Elisabeth Klar (2014):
Wie im Wald

Sabine Kirschenhofer stellt heute im systemagazin den Roman einer jungen österreichischen Autorin vor, die literarisch schon von sich reden gemacht und dafür auch einige Preise bei literarischen Wettbewerben gewonnen hat. Elisabeth Klar ist Literatur- und Kulturwissenschaftlerin, leitet den Verein Literaturwerkstatt Wien und hat mit „Wie im Wald“ ihren Debütroman vorgelegt, eine Studie über eine familiendynamisch spannende und angespannte Schwesternbeziehung:

Sabine Kirschenhofer, Wien:

„Sie hat Ja gesagt.“ So lautet der erste Satz des Romans, und im Laufe der Erzählung entspinnt sich die Tragweite dieses Jas für die Leserin bedächtig aber unerbittlich.

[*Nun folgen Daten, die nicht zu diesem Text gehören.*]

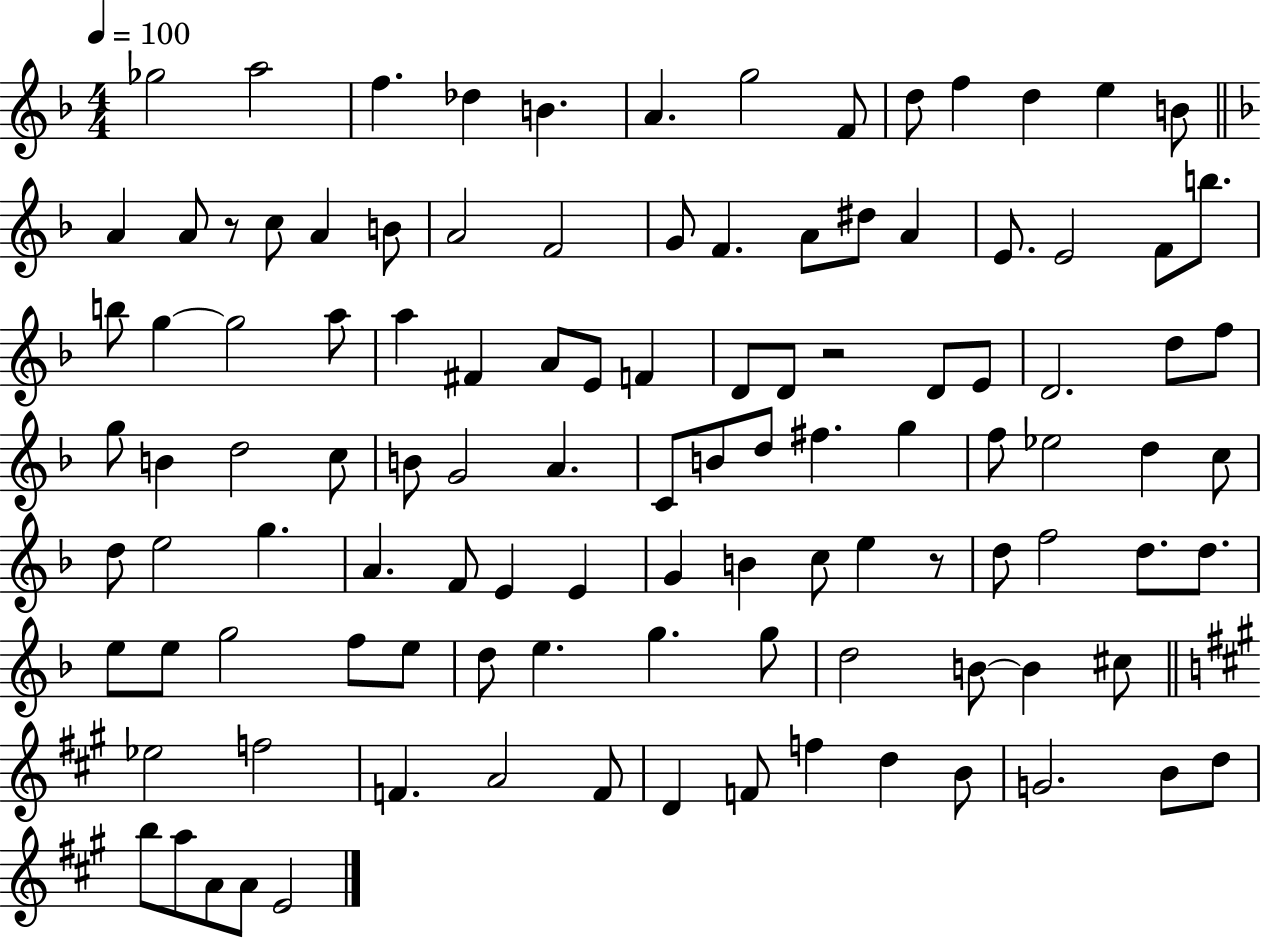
Gb5/h A5/h F5/q. Db5/q B4/q. A4/q. G5/h F4/e D5/e F5/q D5/q E5/q B4/e A4/q A4/e R/e C5/e A4/q B4/e A4/h F4/h G4/e F4/q. A4/e D#5/e A4/q E4/e. E4/h F4/e B5/e. B5/e G5/q G5/h A5/e A5/q F#4/q A4/e E4/e F4/q D4/e D4/e R/h D4/e E4/e D4/h. D5/e F5/e G5/e B4/q D5/h C5/e B4/e G4/h A4/q. C4/e B4/e D5/e F#5/q. G5/q F5/e Eb5/h D5/q C5/e D5/e E5/h G5/q. A4/q. F4/e E4/q E4/q G4/q B4/q C5/e E5/q R/e D5/e F5/h D5/e. D5/e. E5/e E5/e G5/h F5/e E5/e D5/e E5/q. G5/q. G5/e D5/h B4/e B4/q C#5/e Eb5/h F5/h F4/q. A4/h F4/e D4/q F4/e F5/q D5/q B4/e G4/h. B4/e D5/e B5/e A5/e A4/e A4/e E4/h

Lisa und Karin, Karin und Lisa, sie sind die Protagonistinnen dieser Geschichte: Karin holt ihre Pflegeschwester Lisa aus einer betreuten Wohngemeinschaft zurück in das Haus, in dem sie früher gemeinsam lebten, mit Karins Eltern und noch zwei weiteren wesentlich älteren Geschwistern – bis zu Lisas Weggehen und dem Suizid des Vaters. Die Großeltern und Geschwister von Karin sind schockiert über dieses unreife Unterfangen von Karin: Wie kann sie „die“ zurückholen, nach all dem, was damals geschehen ist?

In dem Haus neben dem Wald leben nun Karin und Lisa wieder miteinander, Karins Freund auch, doch der gerät zunehmend in eine Statistenrolle: Die Erzählperspektive wechselt fließend und virtuos von der einen zur anderen, dabei reden sie kaum miteinander; die Leserin wird zur intimen Zeugin der emotionalen Ausnahmezustände in jeder Frau, die so überwältigend mit der Vergangenheit verbunden sind. Miteinander sind sie in ein merkwürdiges (Ohn-)Machtsspiel verwickelt, denn das Zusammensein mit der anderen bedeutet schmerzhafte Konfrontation mit dem damals – mit vermeintlichem Verrat, vermeintlicher Schuld. Dabei spitzt sich die Auseinandersetzung immer mehr zu, die Leserin erfährt, was damals „wirklich“ (?) geschehen ist – wobei auch Karin und Lisa darum ringen, für welche Erinnerungen sie sich entscheiden – welche sind unaushaltbar und welche traut frau sich zu.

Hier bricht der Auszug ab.